- **Assignment**:
The output must contain exactly the lines from the top of the listing below through the line containing "Rund 200 Fahrgäste", and no pictures.

- **Data supplied**:
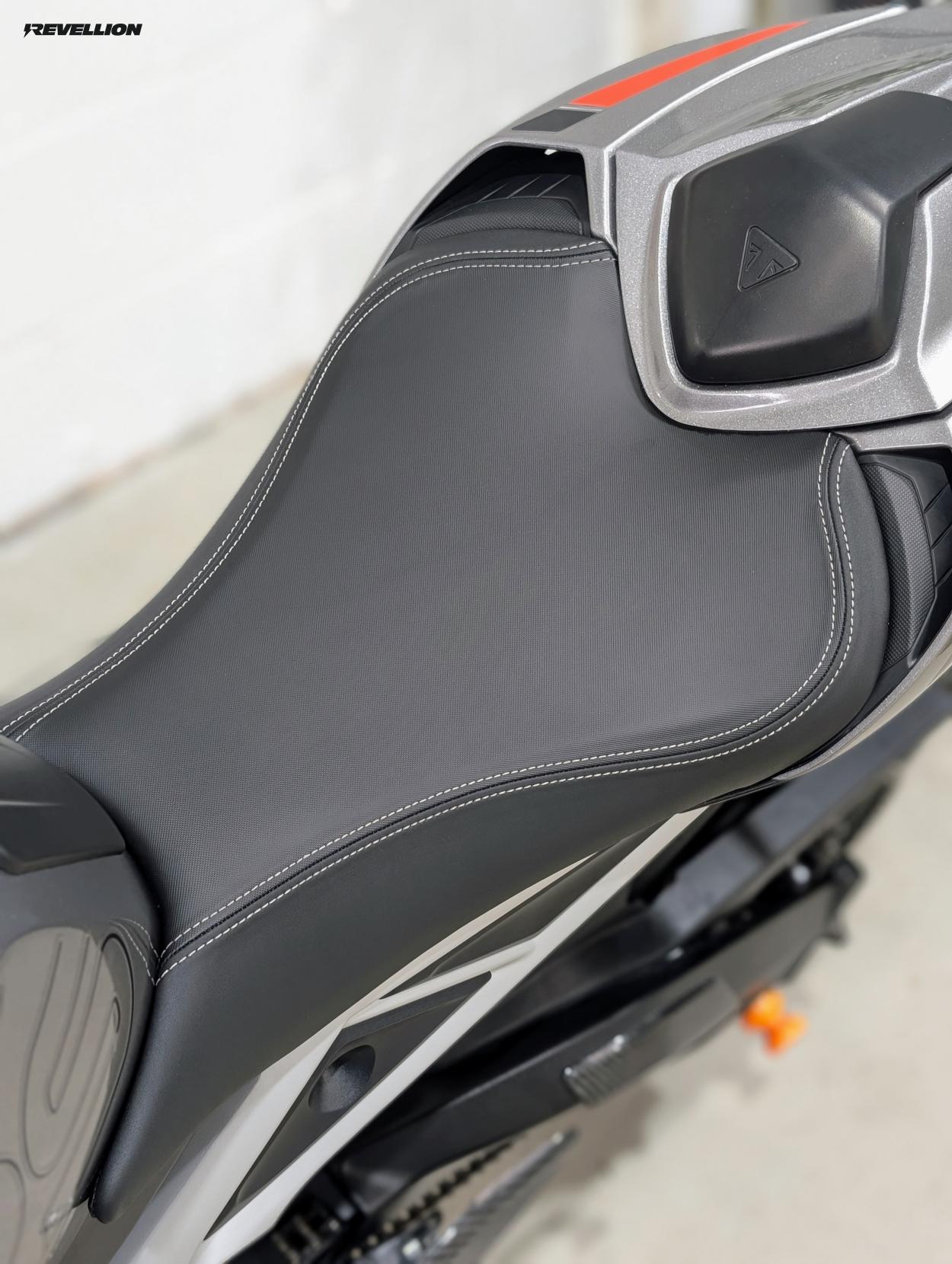 Triumph Street Triple 765 765 RS Naked Petrol Manual X-ring Euro 5 (131 ps)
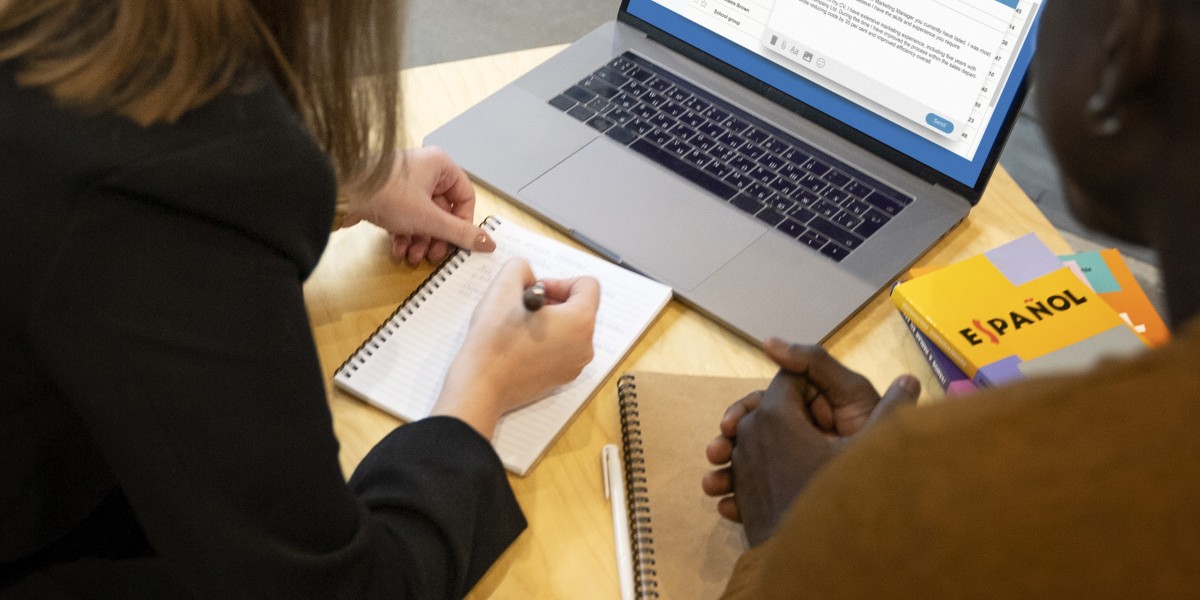 A Practical Guide to Increasing Online Visibility Through Content Contributions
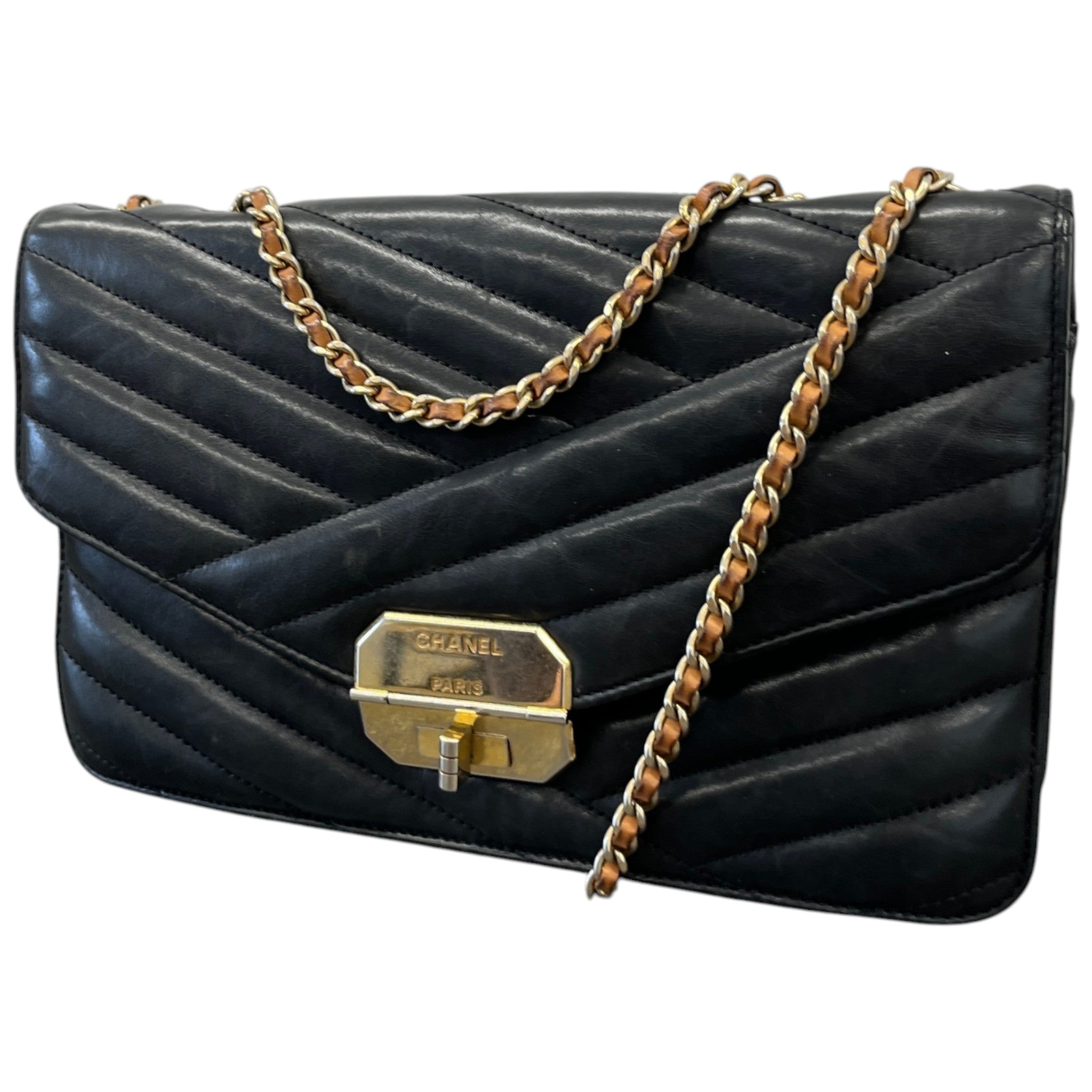 Women's Gabrielle Chevron Flap Bag Black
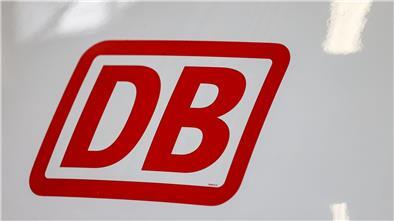 Rund 200 Fahrgäste mussten mehrere Stunden in einem liegengebliebenen Zug ausharren. (Symbolbild)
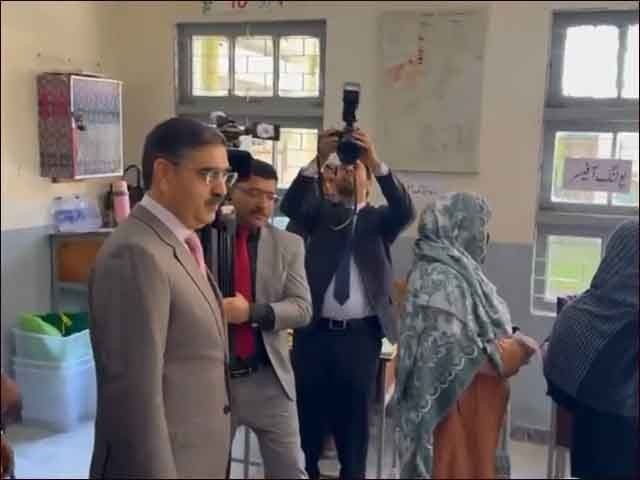 مجھے نہیں پتا موبائل فون بندش سے شہریوں کو کیا مشکلات ہیں، نگراں وزیراعظم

- **Worked solution**:
 Triumph Street Triple 765 765 RS Naked Petrol Manual X-ring Euro 5 (131 ps)
 A Practical Guide to Increasing Online Visibility Through Content Contributions
 Women's Gabrielle Chevron Flap Bag Black
 Rund 200 Fahrgäste mussten mehrere Stunden in einem liegengebliebenen Zug ausharren. (Symbolbild)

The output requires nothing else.